Ode to My Socks
by Pablo Neruda
Light and Dark Imagery
These aren't your everyday, run-of-the-mill socks gang. Their craft inspires our speaker, who spends a lot of time describing the socks in terms of light and darkness. No, it's not like someone's suddenly invented socks to go along with those kids' shoes that light up when you run in them. (They are cool, we must admit.) In the case of this poem, the light of the socks comes to represent their impact on the speaker, and the power they hold over his imagination (not to mention, his feet!).
- Lines 13-15: The socks are described as "woven / with threads of / dusk." This is a really poetic description, which differs from the matter-of-fact subject of the poem. The juxtaposition of this fantastic dusk-thread with the ordinary "sheep's wool" is a great way to understand the poem, which is out to make elements of the everyday poetic.
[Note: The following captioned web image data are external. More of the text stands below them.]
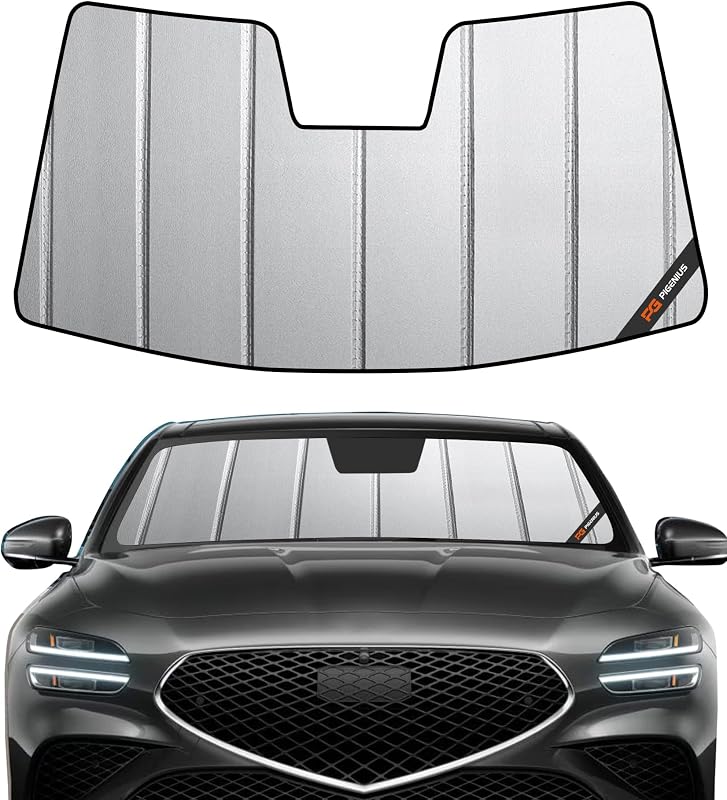Windshield Sun Shade for Genesis G70 2019-2026 Front Window Sunshade - Safeguard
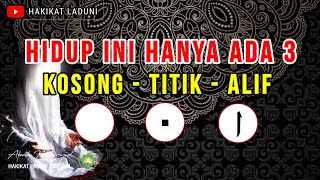 Viral👉Ilmu Makrifat Tingkat Tinggi/Hidup  Haqikatnya Hanya 3 -Kosong-Titik-Alif (Abah A Ali Hasan)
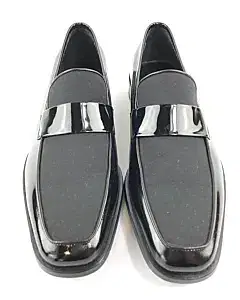 Salvatore Ferragamo Black Patent Leather Gene Loafers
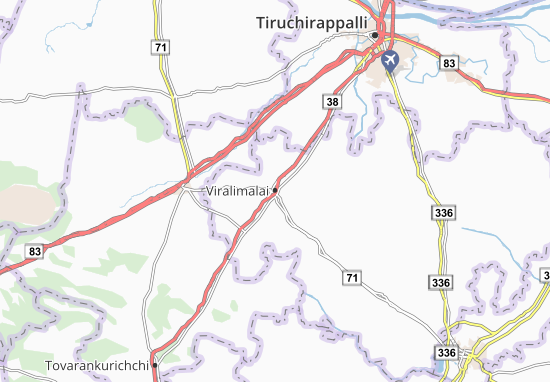 Karte Stadtplan Viralimalai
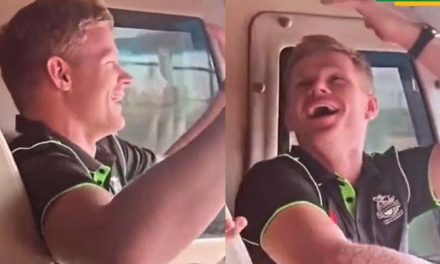The video of English cricketer Sam Billings singing a song in Urdu has gone viral
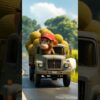 The Hungry grandfather kills the monkey after eating all the fruits😭 #ai#viral#shorts#monkey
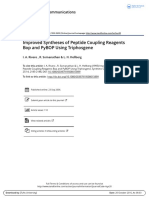 Improved Syntheses of Peptide Coupling Reagents Bop and Pybop Using Triphosgene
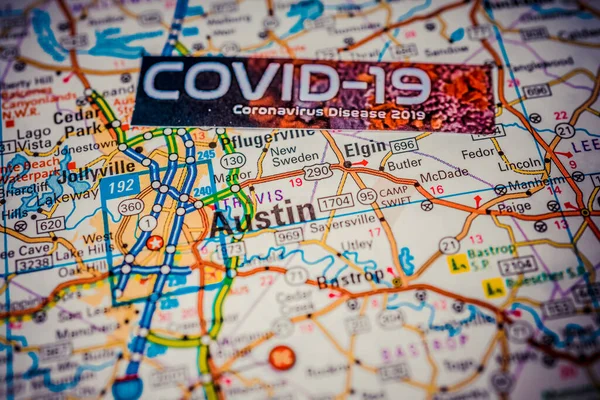 Austin Coronavirus Covid Karantän Bakgrund — Stockfoto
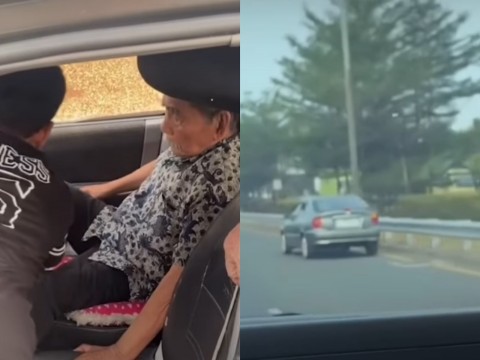 Viral Kakek Nyetir Mobil Di Tol Serempet Pembatas Jalan Berkali Kali, Ditolongin Pengendara Lain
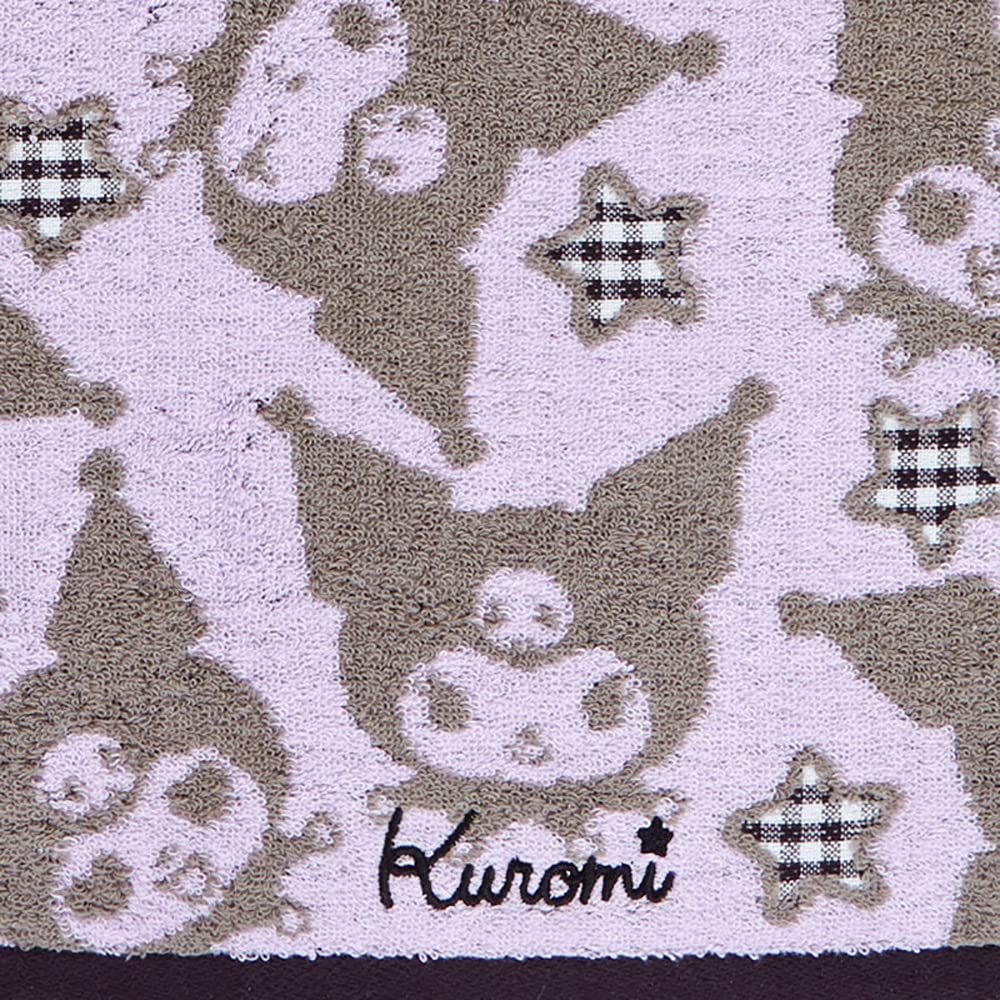 SANRIO Antibacterial Face Towel Kuromi- Japan Figure Store - #1 Bring To You The Best Japanese Goods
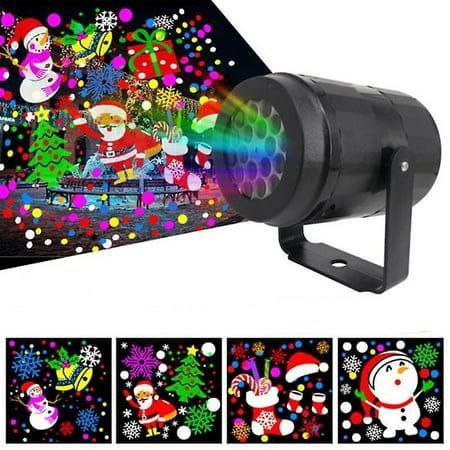 Mini proyector led de imágenes navideñas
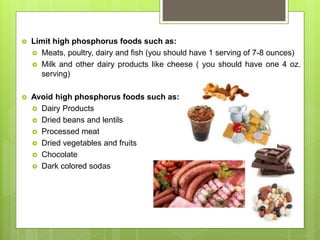 Diet in kidney disease patients | PPT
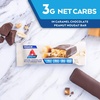 image:imageAtkins Peanutty Overload Snack Bar Protein Snack High in Fiber 2g Sugar 5 CountCaramel Chocolate Peanut Nougat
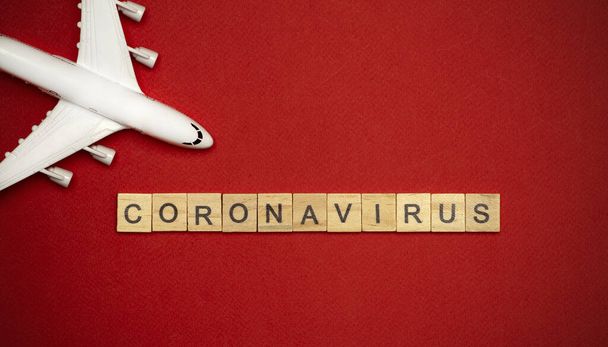 Coronavirus pandemic. Flight ban and closed borders for tourists and travelers with coronavirus (convi19) from Europe and Asia. Flight ticket refunds and route changes. - Photo, Image
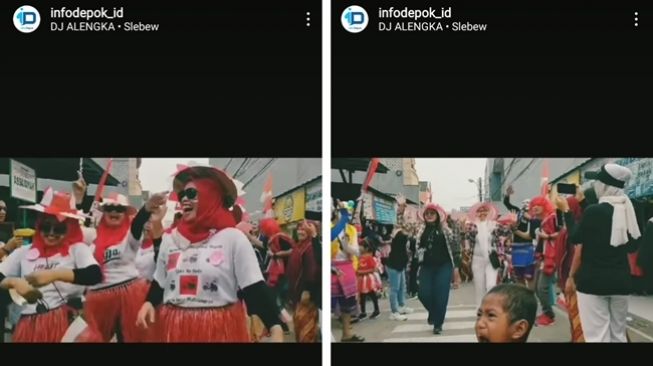 Viral karnaval Kampung Lio ala Citayam Fashion Week, penampilan sosok ini bikin salah fokus. (Instagram/@infodepok_id)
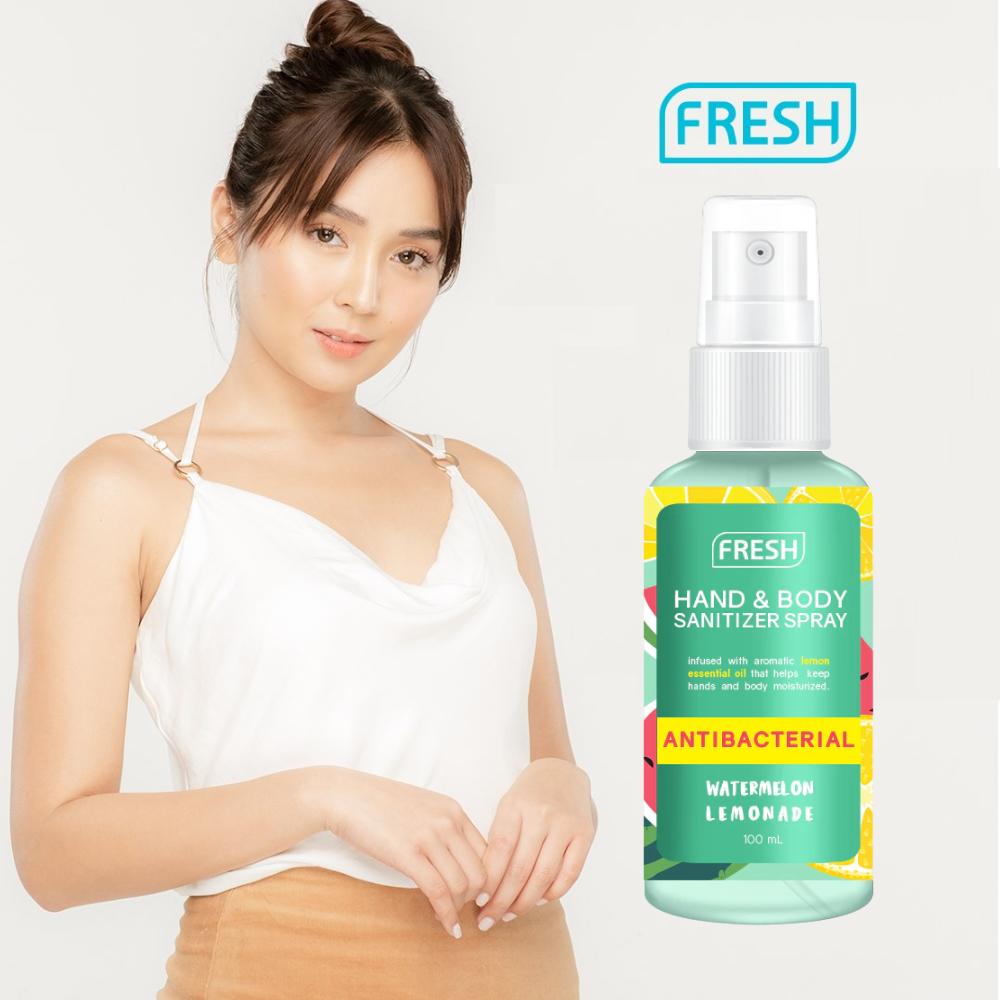 FRESH WATERMELON LEMONADE HAND AND BODY SANITIZER SPRAY 100ML ANTIBACTERIAL LONG LASTING SCENT
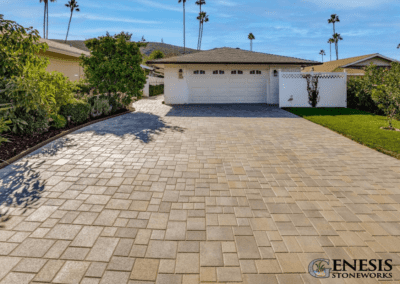 Genesis Stoneworks Driveway Courtyard Pavers Install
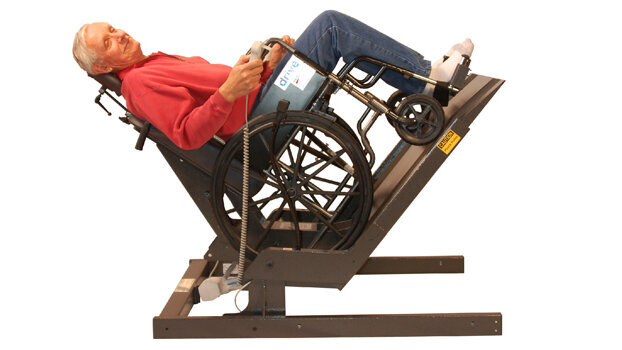 Versatilt lets wheelchair patients recline in comfort
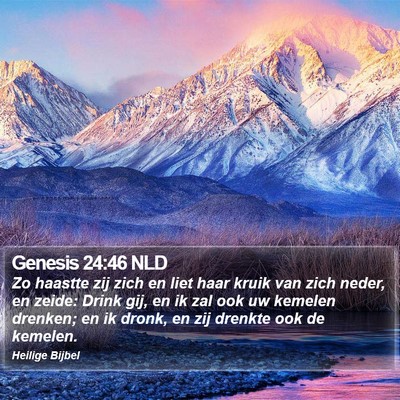 Genesis 24:46 NLD Bible Verse Image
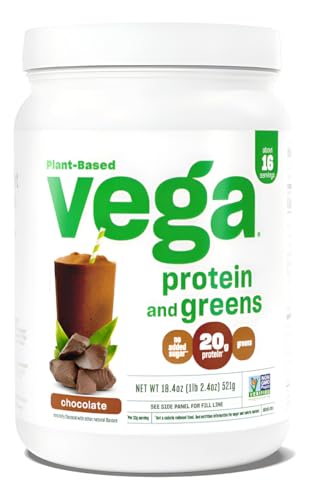 Vega Protein and Greens Protein Powder, Chocolate - 20g Plant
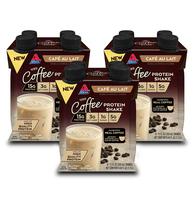 Protein Shake Atkins Café au Lait, sabor café gelado, 11 fl oz Protein Shake Atkins Café au Lait, sabor café gelado, 11 fl oz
- Lines 26-33: These lines call the socks "celestial," having to do with the sky or heaven. In fact, the socks are so elevated that they give honor to the speaker's feet just by being worn. In this case, the light associated with these socks is a holy or sacred thing.
- Lines 39-45: Now the socks are lit-up all the way—they're a "woven fire" and "luminous." While before the light-dark imagery referred to dusk (which is the end of the light of day) and things celestial (anything to do with the sky), this is full-on brightness. Full on! The socks have completely surpassed everything around them with their beauty, especially the speaker's feet.